Sarah Jessica Parker comenzó a actuar cuando era una niña, pero nunca se imaginó que alcanzaría fama mundial como actriz y mucho menos que se convertiría en un icono de referencia estilística para otras mujeres. «El único sueño que tenía de pequeña no estaba relacionado con la fama o el dinero. Me encantaba jugar a ser otras personas y ese juego me hizo dedicarme a la interpretación, pero jamás me imaginé que me llevaría hasta la moda. Supongo que siempre tendré que darle las gracias a Carrie Bradshaw porque ha creado una segunda carrera para mí. Además, trabajar con Patricia Fields (la estilista de Sexo en Nueva York) fue como hacer un máster en buen gusto: he podido desarrollar un paladar estético del que carecía». Esa educación en temas de imagen la ha llevado a entregarse a creadores como Alexander McQueen, Sarah Burton (quien ahora dirige la marca del fallecido diseñador británico), Oscar de la Renta y Narciso Rodríguez, firmas que viste habitualmente para sus actos públicos. «En mi casa apenas había dinero, éramos ocho hermanos y mi madre nos hacía la ropa. Por eso yo hoy sigo viendo un vestido bonito como un lujo por el que siempre doy las gracias», dice con humildad.
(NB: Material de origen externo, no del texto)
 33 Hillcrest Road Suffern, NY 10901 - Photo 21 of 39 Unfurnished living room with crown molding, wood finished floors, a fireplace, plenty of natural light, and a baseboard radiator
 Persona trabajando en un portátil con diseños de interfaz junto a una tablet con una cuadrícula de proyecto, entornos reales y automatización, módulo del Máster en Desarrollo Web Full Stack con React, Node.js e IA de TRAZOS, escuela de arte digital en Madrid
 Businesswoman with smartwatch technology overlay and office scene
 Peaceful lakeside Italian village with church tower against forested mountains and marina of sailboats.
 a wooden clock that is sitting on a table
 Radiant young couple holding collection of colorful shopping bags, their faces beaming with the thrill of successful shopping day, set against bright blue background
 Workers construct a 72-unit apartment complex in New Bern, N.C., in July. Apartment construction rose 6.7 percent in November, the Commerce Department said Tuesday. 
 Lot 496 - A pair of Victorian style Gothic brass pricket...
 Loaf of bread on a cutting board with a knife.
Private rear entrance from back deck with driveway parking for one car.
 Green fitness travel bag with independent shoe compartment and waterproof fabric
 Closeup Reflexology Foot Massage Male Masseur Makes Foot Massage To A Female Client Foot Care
Mientras se desarrolla la conversación la actriz tiene su Blackberry en mano y ante cualquier duda que le surge le manda un SMS a su marido, el actor Matthew Broderick. «Hoy debe de estar de mí hasta el moño porque no he parado de llamarlo y de escribirle», comenta jocosa. Con él tiene tres hijos: James Wilkie, de ocho años, y Marion y Tabitha, gemelas de dos años nacidas con la ayuda de un vientre de alquiler. Compaginar trabajo y maternidad no ha sido fácil. Por eso se ha sentido a sus anchas en el papel de la película que está promocionando actualmente, Tentación en Manhattan, de estreno el 21 de octubre, en la que interpreta a una madre trabajadora que trata de conciliar su vida familiar y laboral sin morir en el intento. «Creo que toca un tema del que se habla en todas partes. Muchas mujeres discuten sobre qué significa ser hoy madre y profesional. Afecta muy de cerca a mi generación, por eso me parece que es un filme relevante que aporta ideas al respecto».
Sabe de lo que habla. Con los años, Sarah Jessica es mucho más que una actriz; es una mujer de negocios. Tuvo la suficiente visión de futuro como para entrar en el mundo de la producción durante la segunda temporada de Sexo en Nueva York y haber sabido alimentar esa faceta hasta el punto de crear su propia productora, Pretty Matches, con la que ha desarrollado múltiples proyectos, incluido un reality show sobre artistas plásticos titulado Work of Art –«porque adoro el mundo del arte»–, que este mes lanza su segunda temporada. «Dicen que las actrices de mi edad tienen problemas para conseguir papeles. Yo, por suerte, aún no lo he vivido. Pero si eso ocurriera y la producción se convirtiera en mi principal trabajo, no me importaría. No obstante, mi pasión, por encima de todo, sigue siendo la misma que cuando era niña, ser actriz y jugar a ser otras personas».